Mit dem Einsatzführungskommando und dem »Kommando Operative Führung Eingreifkräfte«, meint Generalmajor Oerding, »ist Deutschland, neben Frankreich und Großbritannien, die einzige Nation in der EU mit der Fähigkeit, beide Führungsebenen zu stellen«. Das sichert eine gewisse Vorrangstellung in der entstehenden EU-Armee. Und das ist gewollt. Schließlich wäre es nicht im Sinne der deutschen Militärs, wenn sie plötzlich nach portugiesischer oder tschechischer Pfeife tanzen müssten. Andersrum ergibt’s Sinn: wenn man nämlich die eigenen begrenzten Kräfte durch Einheiten aus anderen Staaten verstärken kann.

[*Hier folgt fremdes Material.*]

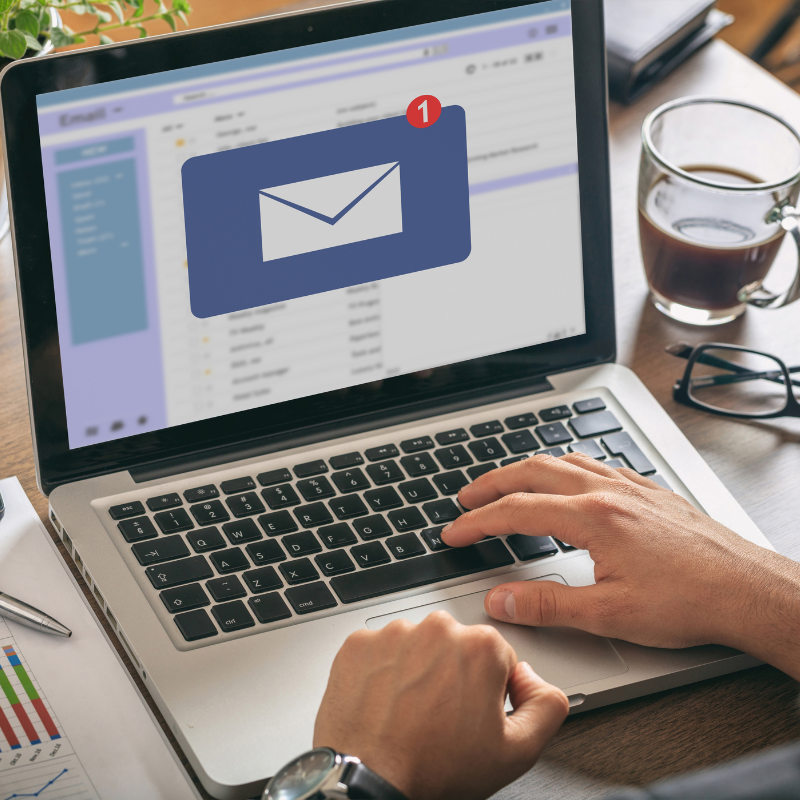 Person using a laptop with an email automation notification on screen.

Das Gleiche gilt für die Waffen. Vor allem diejenigen Rüstungsobjekte wollen die Deutschen seit Jahren einer »europäischen« Verfügungsgewalt unterstellen, die sie selbst nicht besitzen. Mit Blick auf die französischen und britischen Atombomben spekulierten Abgesandte des Bundeskanzleramts und der Bundeswehr-Führungsakademie in einem Seminar der Bundesakademie für Sicherheitspolitik (BAKS) bereits 1999 über »vergemeinschaftete europäische Nuklearstreitkräfte«. Die Idee taucht seitdem immer wieder auf. So hieß es 2003 in einem Strategiepapier der höchsten Bundeswehrebene, in der »Frage der Überführung nationaler Atomwaffenpotenziale einiger EU-Staaten« müssten »Konsultationsmechanismen und die Beteiligung der Nicht-Atomstaaten an den Entscheidungen« ausgehandelt werden.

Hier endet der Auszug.